Nuance's Dragon Naturally Speaking voice recognition software has been available on PCs for years. Now Nuance offers free and not-so-free Dragon apps that work on the iPhone, iPad and iPod touch.
The free apps from Nuance are Dragon Search and Dragon Dictation. Dragon Search lets you speak a search phrase into your iPhone, and then quickly summons up results not just from Google, but from several other sources: Wikipedia, Twitter, YouTube, and the Apple iTunes Store. The results seem to come up a lot faster than they do in Google's search application.
Then there's Dragon Dictation, which turns your speech into text that can be used in a number of ways. Straight from the app, you can send it as an e-mail, Twitter "tweet", Facebook status update, or SMS text message. You can also press a virtual button to copy your text to the "clipboard" to be pasted into another app, like the iPhone's Notes app.
Dragon Dictation lets you correct its dictation with some taps on the screen—each word can be tapped to offer alternative words or capitalization, or to be deleted.
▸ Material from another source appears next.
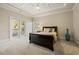 Bedroom with french doors leading to a small balcony at 9070 Waits Ferry Xing, Johns Creek, GA 30097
You can also resort to the virtual keyboard to make corrections. I found it to be almost 90 percent accurate right out of the blocks for me. I just had to keep reminding myself that I needed to "say" the punctuation in my sentences, explicitly saying "comma" or "period" or "exclamation point" when I want one.
Right now, the only other smart phone that has a Dragon app is, ironically, the Blackberry. Nuance offers Dragon For E-Mail for the Blackberry Bold, Bold 2, Curve, Storm, and Tour (depending on your carrier). It works in a similar way to Dragon Dictation, turning the words you say into text for an e-mail message.
Nuance is also beginning to offer more specialized tools based on Dragon. For example, on August 19, the company released Dragon Medical Mobile Search, the first of what the company says will be four applications specifically for the medical community. Dragon Medical Mobile Search lets clinicians dictate medical terms into an iPhone and get quick results from not just Google, but several online medical sources: Medscape, Intelligent Medical Objects, Drugs.mobi, and Medline (a service of the National Institute of Health's National Library of Medicine). Like Dragon Search, this app is free in Apple's App Store.